Although many of the algorithms you've learned so far are applied in practice a lot, it turns out that the world is dominated by real-world problems without a known provably efficient algorithm. Many of these problems can be reduced to one of the classical problems called NP-complete problems which either cannot be solved by a polynomial algorithm or solving any one of them would win you a million dollars (see Millenium Prize Problems) and eternal worldwide fame for solving the main problem of computer science called P vs NP. It's good to know this before trying to solve a problem before the tomorrow's deadline :) Although these problems are very unlikely to be solvable efficiently in the nearest future, people always come up with various workarounds. In this module you will study the classical NP-complete problems and the reductions between them. You will also practice solving large instances of some of these problems despite their hardness using very efficient specialized software based on tons of research in the area of NP-complete problems.

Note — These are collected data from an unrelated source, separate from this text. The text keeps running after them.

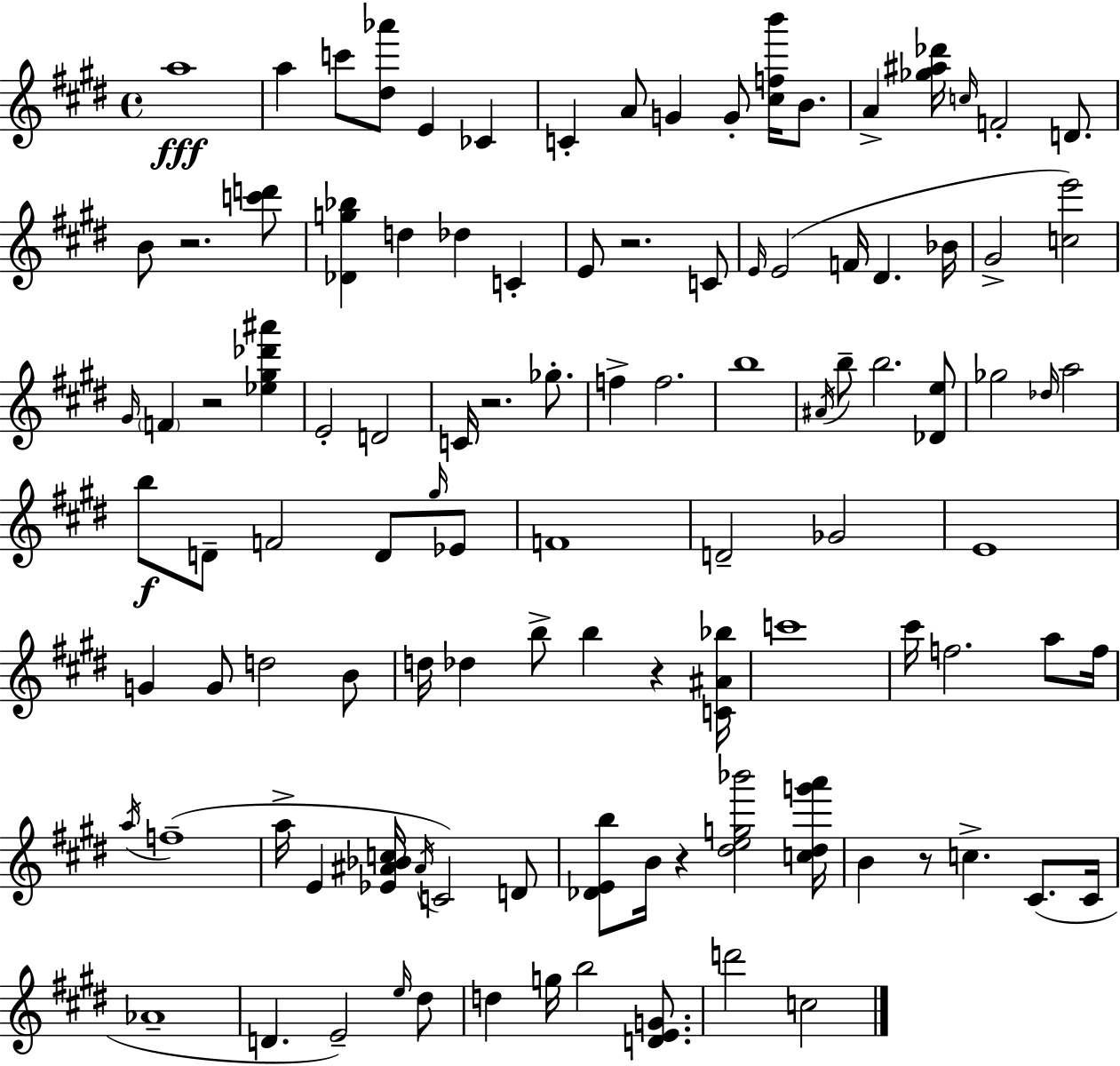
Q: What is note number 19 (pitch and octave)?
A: E4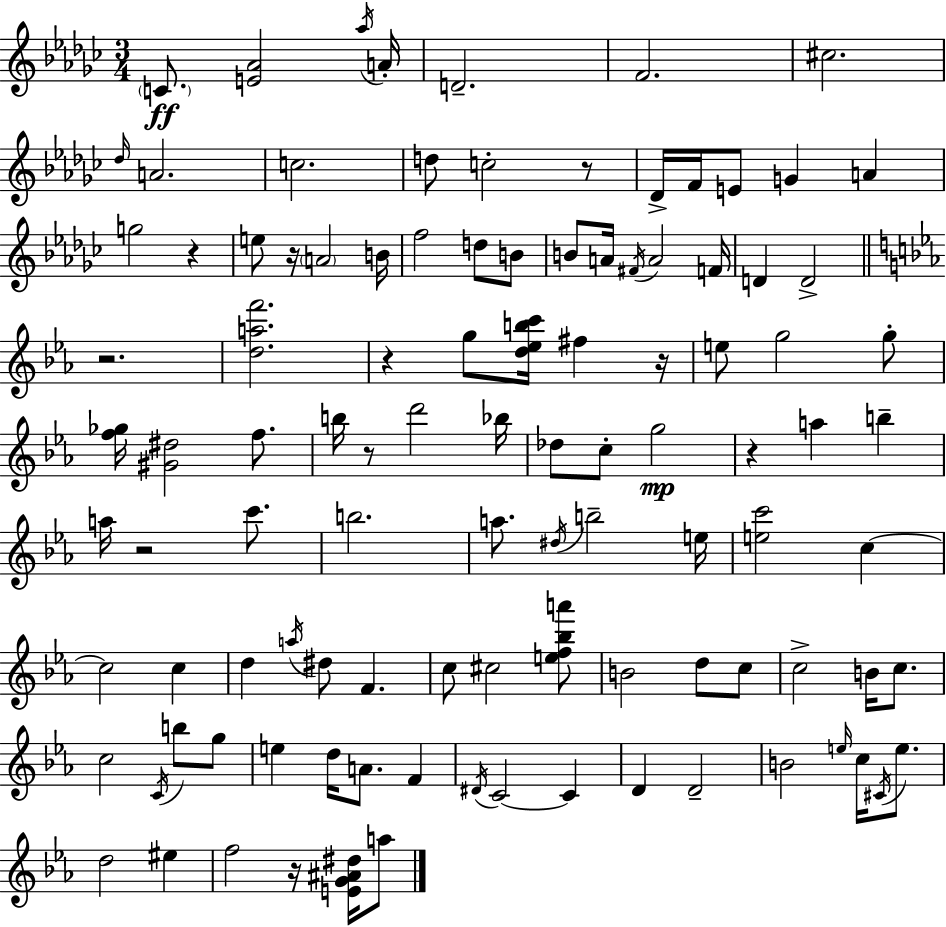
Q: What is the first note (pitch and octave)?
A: C4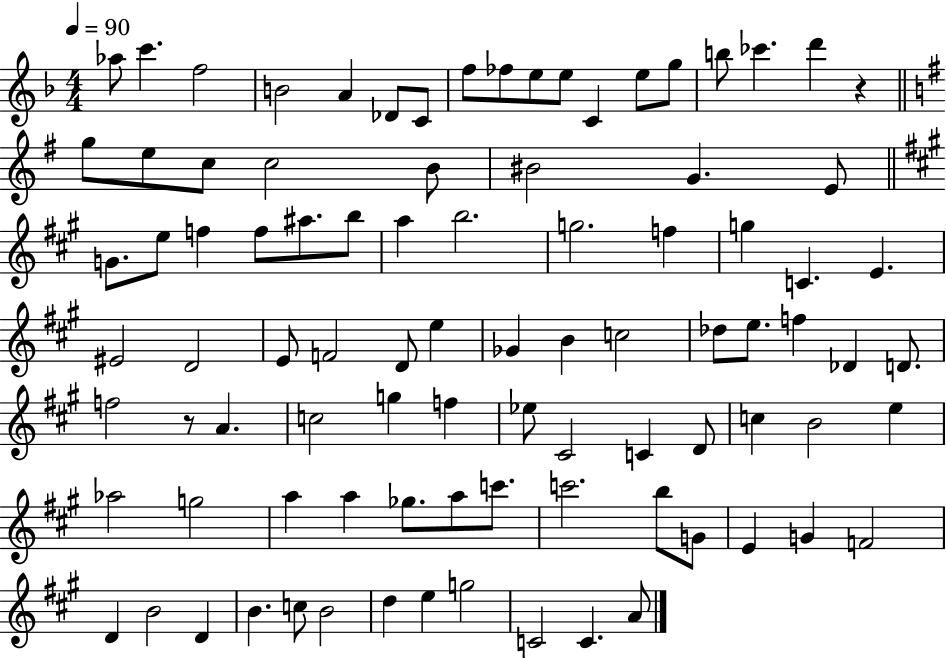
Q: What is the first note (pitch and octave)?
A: Ab5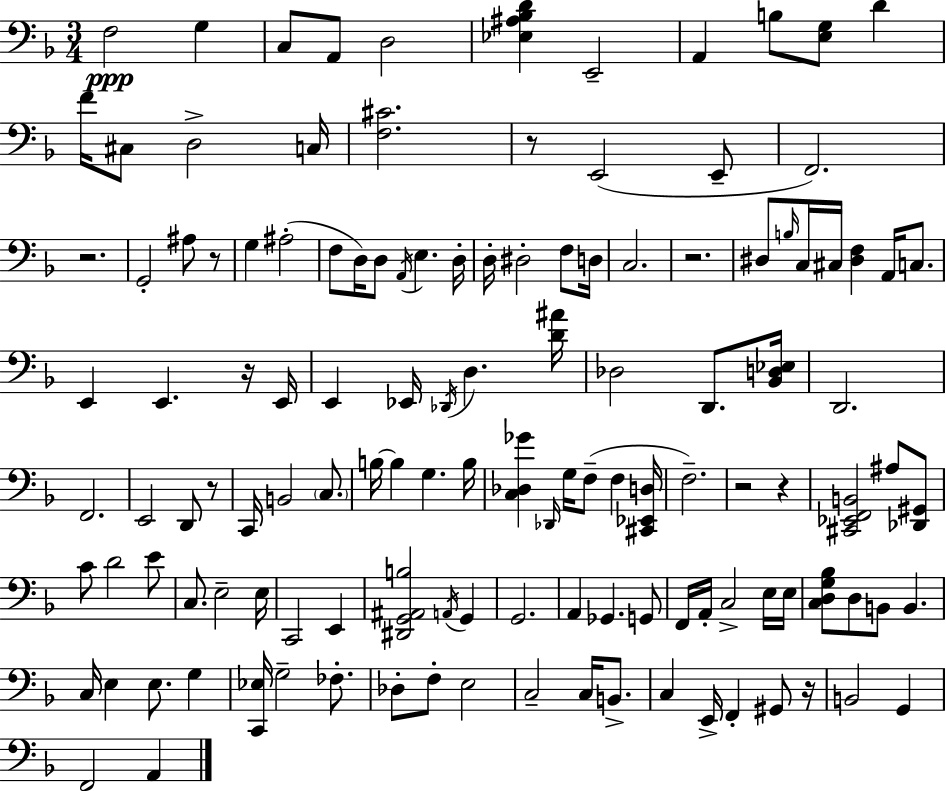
F3/h G3/q C3/e A2/e D3/h [Eb3,A#3,Bb3,D4]/q E2/h A2/q B3/e [E3,G3]/e D4/q F4/s C#3/e D3/h C3/s [F3,C#4]/h. R/e E2/h E2/e F2/h. R/h. G2/h A#3/e R/e G3/q A#3/h F3/e D3/s D3/e A2/s E3/q. D3/s D3/s D#3/h F3/e D3/s C3/h. R/h. D#3/e B3/s C3/s C#3/s [D#3,F3]/q A2/s C3/e. E2/q E2/q. R/s E2/s E2/q Eb2/s Db2/s D3/q. [D4,A#4]/s Db3/h D2/e. [Bb2,D3,Eb3]/s D2/h. F2/h. E2/h D2/e R/e C2/s B2/h C3/e. B3/s B3/q G3/q. B3/s [C3,Db3,Gb4]/q Db2/s G3/s F3/e F3/q [C#2,Eb2,D3]/s F3/h. R/h R/q [C#2,Eb2,F2,B2]/h A#3/e [Db2,G#2]/e C4/e D4/h E4/e C3/e. E3/h E3/s C2/h E2/q [D#2,G2,A#2,B3]/h A2/s G2/q G2/h. A2/q Gb2/q. G2/e F2/s A2/s C3/h E3/s E3/s [C3,D3,G3,Bb3]/e D3/e B2/e B2/q. C3/s E3/q E3/e. G3/q [C2,Eb3]/s G3/h FES3/e. Db3/e F3/e E3/h C3/h C3/s B2/e. C3/q E2/s F2/q G#2/e R/s B2/h G2/q F2/h A2/q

Coping with NP-completeness
After the previous module you might be sad: you've just went through 5 courses in Algorithms only to learn that they are not suitable for most real-world problems. However, don't give up yet! People are creative, and they need to solve these problems anyway, so in practice there are often ways to cope with an NP-complete problem at hand. We first show that some special cases on NP-complete problems can, in fact, be solved in polynomial time. We then consider exact algorithms that find a solution much faster than the brute force algorithm. We conclude with approximation algorithms that work in polynomial time and find a solution that is close to being optimal.

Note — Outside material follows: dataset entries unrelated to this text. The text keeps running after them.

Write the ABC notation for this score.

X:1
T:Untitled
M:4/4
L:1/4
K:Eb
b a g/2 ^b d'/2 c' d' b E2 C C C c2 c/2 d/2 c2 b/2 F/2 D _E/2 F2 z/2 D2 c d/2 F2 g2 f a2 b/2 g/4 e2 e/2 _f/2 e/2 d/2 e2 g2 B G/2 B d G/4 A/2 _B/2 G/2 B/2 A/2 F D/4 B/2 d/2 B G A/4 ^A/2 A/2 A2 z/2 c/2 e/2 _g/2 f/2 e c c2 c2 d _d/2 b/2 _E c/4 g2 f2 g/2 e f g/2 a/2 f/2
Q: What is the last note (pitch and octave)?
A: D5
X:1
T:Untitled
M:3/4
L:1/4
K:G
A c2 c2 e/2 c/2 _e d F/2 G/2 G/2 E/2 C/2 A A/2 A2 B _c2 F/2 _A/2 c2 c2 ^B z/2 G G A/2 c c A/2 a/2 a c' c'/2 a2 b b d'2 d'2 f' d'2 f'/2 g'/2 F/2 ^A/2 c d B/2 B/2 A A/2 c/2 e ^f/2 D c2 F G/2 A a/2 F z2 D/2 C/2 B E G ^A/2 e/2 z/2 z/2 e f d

Streaming Algorithms (Optional)
In most previous lectures we were interested in designing algorithms with fast (e.g. small polynomial) runtime, and assumed that the algorithm has random access to its input, which is loaded into memory. In many modern applications in big data analysis, however, the input is so large that it cannot be stored in memory. Instead, the input is presented as a stream of updates, which the algorithm scans while maintaining a small summary of the stream seen so far. This is precisely the setting of the streaming model of computation, which we study in this lecture. The streaming model is well-suited for designing and reasoning about small space algorithms. It has received a lot of attention in the literature, and several powerful algorithmic primitives for computing basic stream statistics in this model have been designed, several of them impacting the practice of big data analysis. In this lecture we will see one such algorithm (CountSketch), a small space algorithm for finding the top k most frequent items in a data stream.